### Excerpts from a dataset
═══

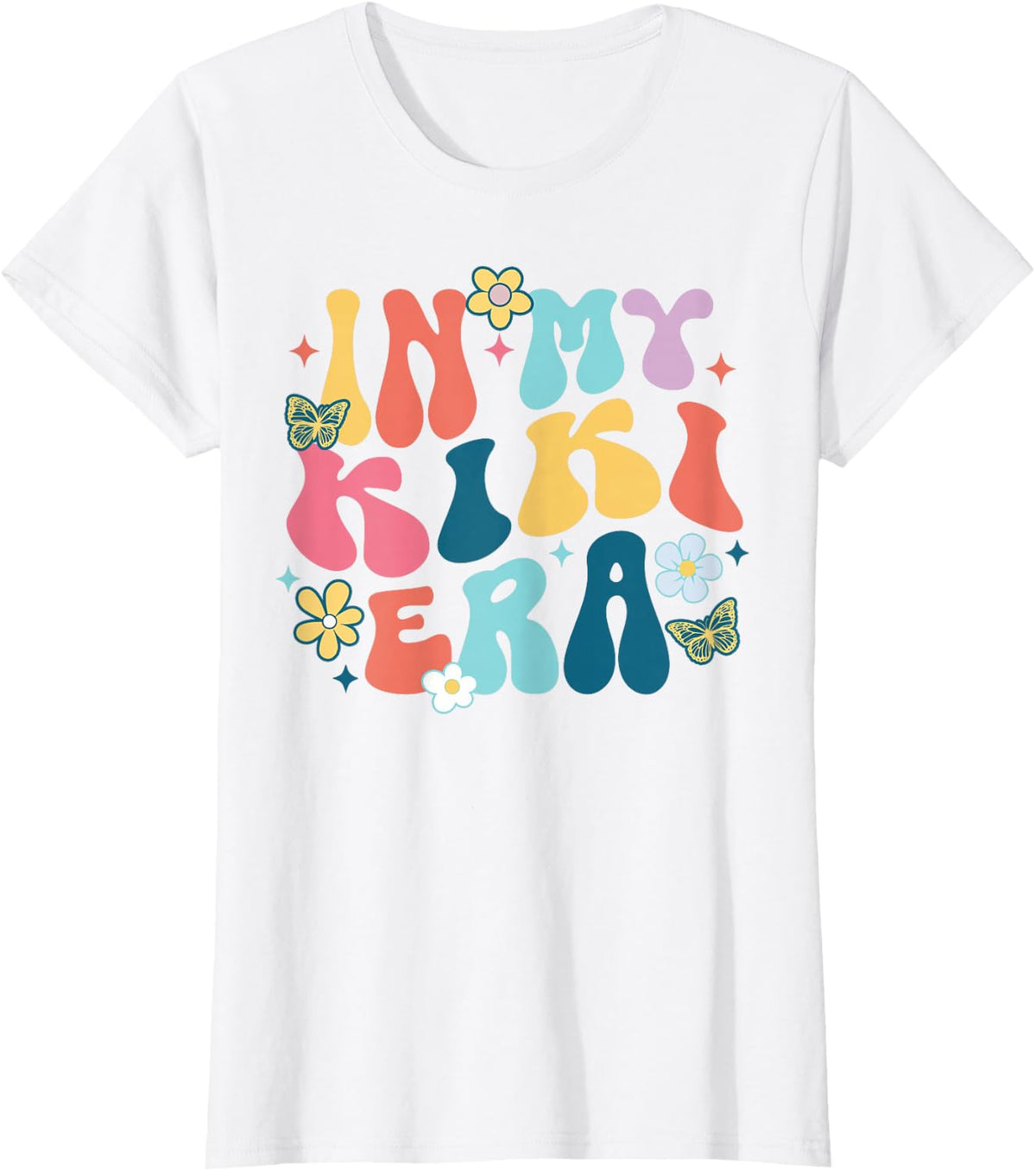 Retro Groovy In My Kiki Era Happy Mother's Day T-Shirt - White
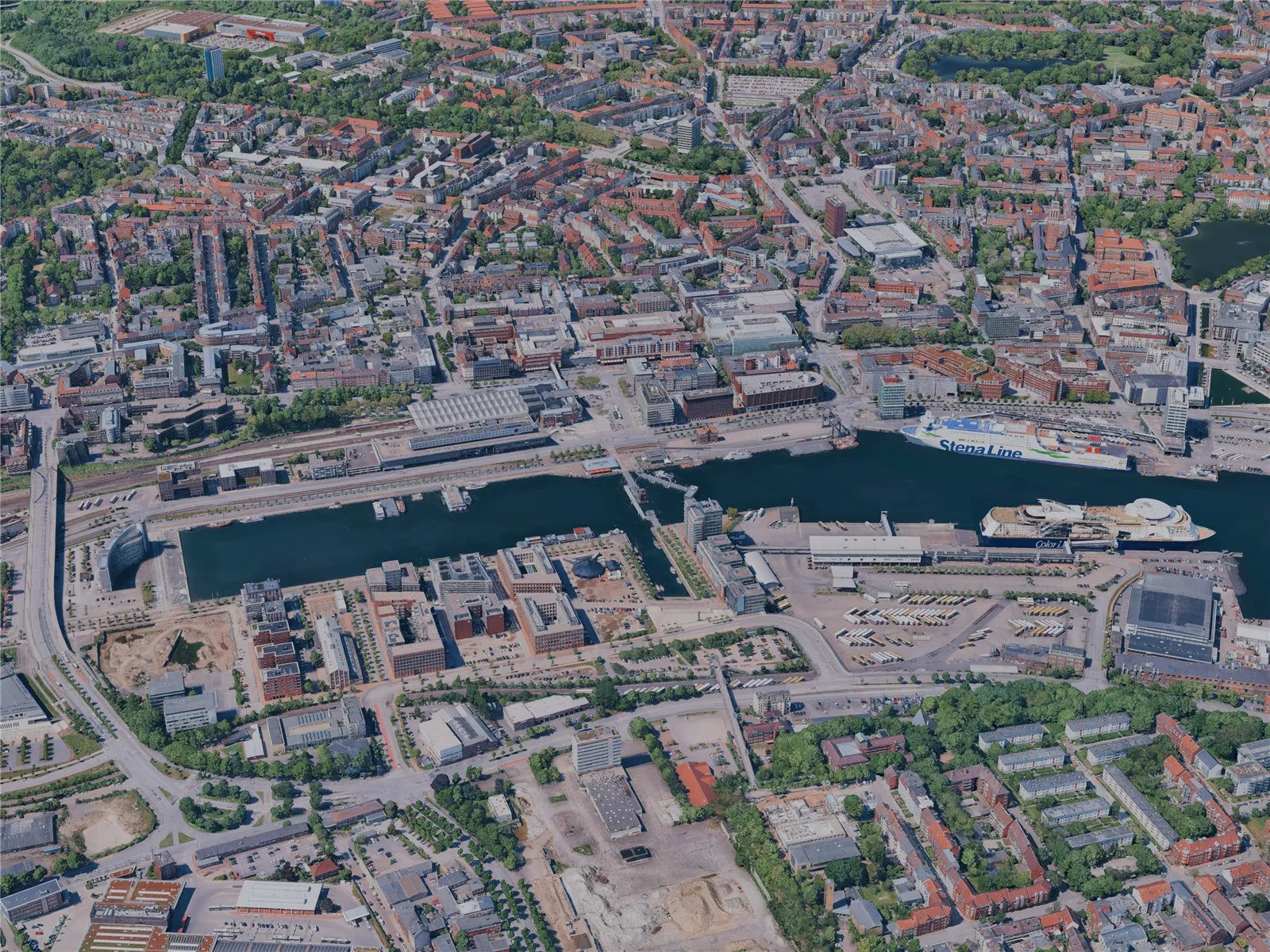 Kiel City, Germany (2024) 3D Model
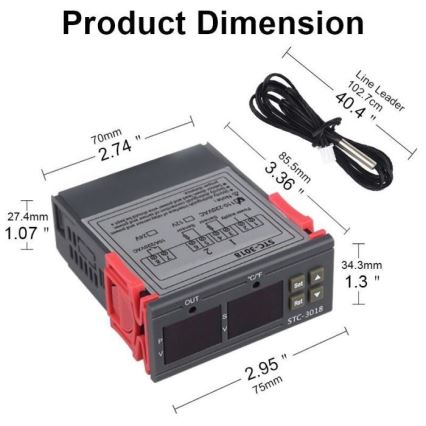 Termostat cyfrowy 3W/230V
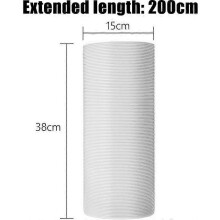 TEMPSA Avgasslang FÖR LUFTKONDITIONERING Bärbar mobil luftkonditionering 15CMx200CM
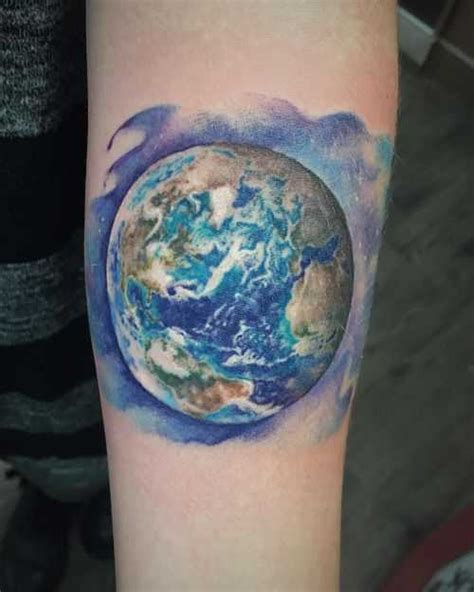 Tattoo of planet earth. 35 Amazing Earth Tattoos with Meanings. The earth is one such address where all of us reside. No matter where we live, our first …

═══

### How to complete this task
Transcribe the records above verbatim. Do not carry over any picture.

### Response box
 Retro Groovy In My Kiki Era Happy Mother's Day T-Shirt - White
 Kiel City, Germany (2024) 3D Model
 Termostat cyfrowy 3W/230V
 TEMPSA Avgasslang FÖR LUFTKONDITIONERING Bärbar mobil luftkonditionering 15CMx200CM
 Tattoo of planet earth. 35 Amazing Earth Tattoos with Meanings. The earth is one such address where all of us reside. No matter where we live, our first …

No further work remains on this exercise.